→ SUPPLIED INFORMATION:

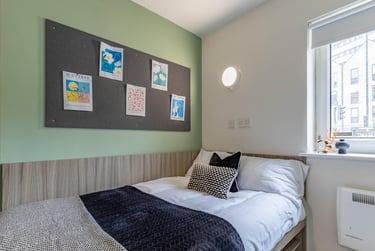 Accessible Ensuite at Hamwic Hall, Cook STreet, City Centre, Southampton, SO141YA - Image 2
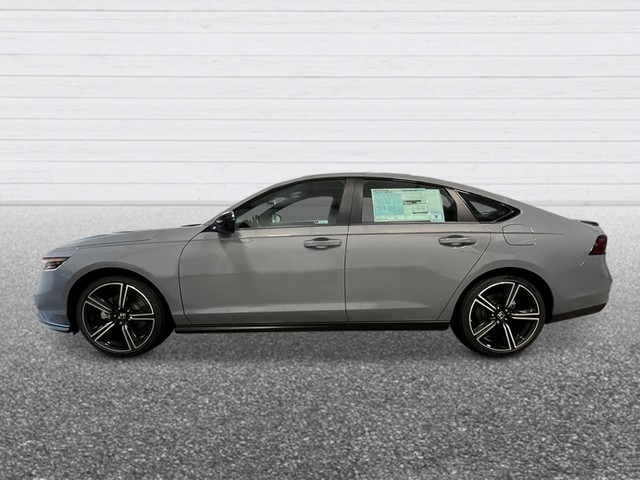 Honda Accord Hybrid Vehicle Full-screen Gallery Image 03
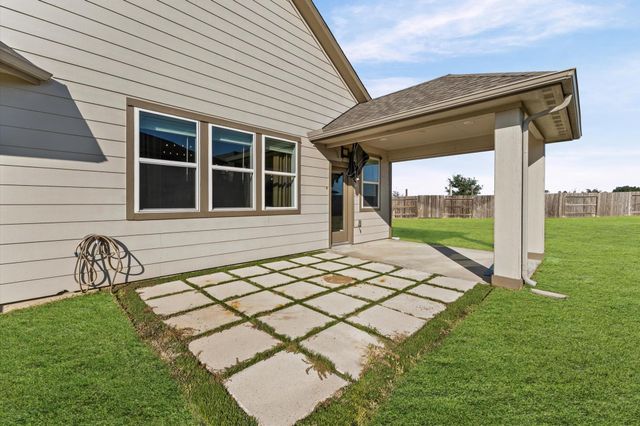 2450 Bear Creek Drive, Rosharon, TX 77583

→ WORK ORDER:
Every line above should be transcribed exactly, though no image should be carried over.

→ THE COMPLETED TASK:
 Accessible Ensuite at Hamwic Hall, Cook STreet, City Centre, Southampton, SO141YA - Image 2
 Honda Accord Hybrid Vehicle Full-screen Gallery Image 03
 2450 Bear Creek Drive, Rosharon, TX 77583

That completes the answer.